I don't pretend to be an expert in any of this, but I'm intrigued by GIS data so this caught my interest. I installed liblas
and its dependencies on my Fedora 19 system and played with the example data files that came with liblas
.
Using your code I ran into the same problem of watching all my memory get eaten up. I don't know why that should happen - perhaps unwanted references hanging around preventing the garbage collector from working as we'd hope. This could probably be fixed, but I won't try it.
I did notice some interesting features of the liblas
module and decided to try them. I believe you can get the data you seek.

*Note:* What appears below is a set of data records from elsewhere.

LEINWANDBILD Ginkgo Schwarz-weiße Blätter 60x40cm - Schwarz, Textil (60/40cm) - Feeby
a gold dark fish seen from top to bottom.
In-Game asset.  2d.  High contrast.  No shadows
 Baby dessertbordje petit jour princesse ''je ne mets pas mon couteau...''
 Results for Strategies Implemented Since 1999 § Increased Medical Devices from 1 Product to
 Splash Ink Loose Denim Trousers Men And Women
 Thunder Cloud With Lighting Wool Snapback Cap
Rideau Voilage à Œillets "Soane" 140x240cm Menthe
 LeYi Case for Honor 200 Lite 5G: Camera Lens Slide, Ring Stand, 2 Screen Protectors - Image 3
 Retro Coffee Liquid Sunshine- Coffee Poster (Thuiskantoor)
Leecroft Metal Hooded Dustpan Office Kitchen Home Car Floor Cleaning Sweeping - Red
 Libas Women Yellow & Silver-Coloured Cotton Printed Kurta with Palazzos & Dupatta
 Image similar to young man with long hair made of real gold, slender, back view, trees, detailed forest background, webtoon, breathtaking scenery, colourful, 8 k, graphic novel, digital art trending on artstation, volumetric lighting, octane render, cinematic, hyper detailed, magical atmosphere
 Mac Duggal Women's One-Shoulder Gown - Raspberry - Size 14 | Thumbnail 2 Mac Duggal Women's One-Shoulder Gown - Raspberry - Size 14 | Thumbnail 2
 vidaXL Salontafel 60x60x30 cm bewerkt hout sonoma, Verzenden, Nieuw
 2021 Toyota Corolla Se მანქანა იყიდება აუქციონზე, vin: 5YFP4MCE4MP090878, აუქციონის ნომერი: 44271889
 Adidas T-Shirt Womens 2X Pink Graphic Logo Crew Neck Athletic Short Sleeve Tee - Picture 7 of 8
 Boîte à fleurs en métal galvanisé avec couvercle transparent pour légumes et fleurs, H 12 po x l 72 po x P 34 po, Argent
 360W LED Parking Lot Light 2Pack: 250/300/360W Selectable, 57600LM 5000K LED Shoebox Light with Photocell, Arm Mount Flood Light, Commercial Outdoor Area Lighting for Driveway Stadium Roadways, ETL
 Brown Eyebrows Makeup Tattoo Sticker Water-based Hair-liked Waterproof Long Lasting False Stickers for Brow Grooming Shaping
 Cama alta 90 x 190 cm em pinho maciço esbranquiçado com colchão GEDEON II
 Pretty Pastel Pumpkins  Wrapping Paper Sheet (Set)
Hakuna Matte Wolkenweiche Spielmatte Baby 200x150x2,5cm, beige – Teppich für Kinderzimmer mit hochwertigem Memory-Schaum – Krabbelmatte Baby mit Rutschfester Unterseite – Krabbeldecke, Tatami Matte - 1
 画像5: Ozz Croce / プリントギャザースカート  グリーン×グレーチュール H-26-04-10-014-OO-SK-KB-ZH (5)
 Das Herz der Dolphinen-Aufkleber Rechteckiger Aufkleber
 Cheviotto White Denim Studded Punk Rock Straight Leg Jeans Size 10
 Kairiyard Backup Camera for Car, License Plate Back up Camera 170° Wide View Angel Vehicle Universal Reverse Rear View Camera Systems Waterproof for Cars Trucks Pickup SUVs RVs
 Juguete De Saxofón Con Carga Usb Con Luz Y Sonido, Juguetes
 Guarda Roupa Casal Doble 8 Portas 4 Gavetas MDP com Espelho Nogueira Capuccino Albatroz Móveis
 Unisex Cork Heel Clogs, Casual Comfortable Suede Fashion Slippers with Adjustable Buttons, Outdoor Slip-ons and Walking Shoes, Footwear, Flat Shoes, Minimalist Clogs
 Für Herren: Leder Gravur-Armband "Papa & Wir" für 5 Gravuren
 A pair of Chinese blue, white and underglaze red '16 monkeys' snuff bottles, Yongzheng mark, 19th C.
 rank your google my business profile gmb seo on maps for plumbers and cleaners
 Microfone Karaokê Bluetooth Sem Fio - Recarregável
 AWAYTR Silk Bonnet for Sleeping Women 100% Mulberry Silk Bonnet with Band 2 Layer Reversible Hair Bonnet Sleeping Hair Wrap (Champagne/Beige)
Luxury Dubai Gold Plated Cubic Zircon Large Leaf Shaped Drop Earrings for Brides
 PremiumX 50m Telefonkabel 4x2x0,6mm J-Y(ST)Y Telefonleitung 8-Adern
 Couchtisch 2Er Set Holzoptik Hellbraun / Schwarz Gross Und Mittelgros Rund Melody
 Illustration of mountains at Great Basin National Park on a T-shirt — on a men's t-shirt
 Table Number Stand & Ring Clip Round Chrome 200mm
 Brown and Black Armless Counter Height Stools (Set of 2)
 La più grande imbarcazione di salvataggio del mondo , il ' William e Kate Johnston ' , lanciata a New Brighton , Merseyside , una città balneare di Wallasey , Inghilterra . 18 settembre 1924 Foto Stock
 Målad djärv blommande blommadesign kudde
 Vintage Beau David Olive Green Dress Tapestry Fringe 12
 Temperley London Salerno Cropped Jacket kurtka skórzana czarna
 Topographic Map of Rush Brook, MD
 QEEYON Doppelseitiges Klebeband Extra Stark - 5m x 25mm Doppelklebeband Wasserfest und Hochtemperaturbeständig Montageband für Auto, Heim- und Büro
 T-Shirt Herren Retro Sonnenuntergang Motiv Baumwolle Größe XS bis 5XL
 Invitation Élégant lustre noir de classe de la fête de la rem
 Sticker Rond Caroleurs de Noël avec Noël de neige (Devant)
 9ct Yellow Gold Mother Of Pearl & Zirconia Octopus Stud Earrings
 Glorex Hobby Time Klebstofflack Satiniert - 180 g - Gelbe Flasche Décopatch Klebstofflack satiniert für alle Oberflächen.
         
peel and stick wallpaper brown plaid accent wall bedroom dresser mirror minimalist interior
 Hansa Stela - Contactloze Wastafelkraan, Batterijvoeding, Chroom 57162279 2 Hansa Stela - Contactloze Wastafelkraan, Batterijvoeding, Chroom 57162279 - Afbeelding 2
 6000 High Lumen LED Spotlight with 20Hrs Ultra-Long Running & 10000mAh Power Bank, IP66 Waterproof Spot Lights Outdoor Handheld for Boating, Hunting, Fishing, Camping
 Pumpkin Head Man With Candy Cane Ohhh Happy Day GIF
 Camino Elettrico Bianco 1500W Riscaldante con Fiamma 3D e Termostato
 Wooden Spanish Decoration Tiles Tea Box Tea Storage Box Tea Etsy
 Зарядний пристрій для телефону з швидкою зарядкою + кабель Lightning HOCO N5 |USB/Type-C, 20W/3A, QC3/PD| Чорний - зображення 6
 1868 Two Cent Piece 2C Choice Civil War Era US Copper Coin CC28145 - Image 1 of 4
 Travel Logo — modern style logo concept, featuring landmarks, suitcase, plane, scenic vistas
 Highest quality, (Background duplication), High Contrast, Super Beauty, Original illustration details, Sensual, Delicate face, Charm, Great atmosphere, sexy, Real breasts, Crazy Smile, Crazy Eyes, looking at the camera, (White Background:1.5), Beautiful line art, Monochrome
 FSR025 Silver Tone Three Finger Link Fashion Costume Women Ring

After opening your file, have a look at the XML description from the header.
h = f.get_header()
print(h.get_xml())
It's hard to look at (feel free to play with xml.dom.minidom or lxml.etree), but in my example files it showed the byte layout of the point data (mine had 28 bytes too). In mine, offset 18 was a single short (2 bytes) assigned to Point Source ID. You should be able to retrieve this with p.data[18:19]
, p.get_data()[18:19]
, p.point_source_id
, or p.get_point_source_id()
. Unfortunately the data
references chew up memory and p.point_source_id
has a bug (bug fix pull request submitted to developers). If we change your code to use the last access method, everything seems to work fine. So, try this in your for
loop instead:
for p in f:
line_num = p.get_point_source_id()
if line_num not in line_list:
line_list.append(line_num)
counter += 1
Note that
counter == h.get_count()
If you just want the set of unique Point Source ID values ...
line_set = set(p.get_point_source_id() for p in f)
Hopefully your data value is also available as p.get_point_source_id()
. Let me know how it works for you in the comments. Cheers!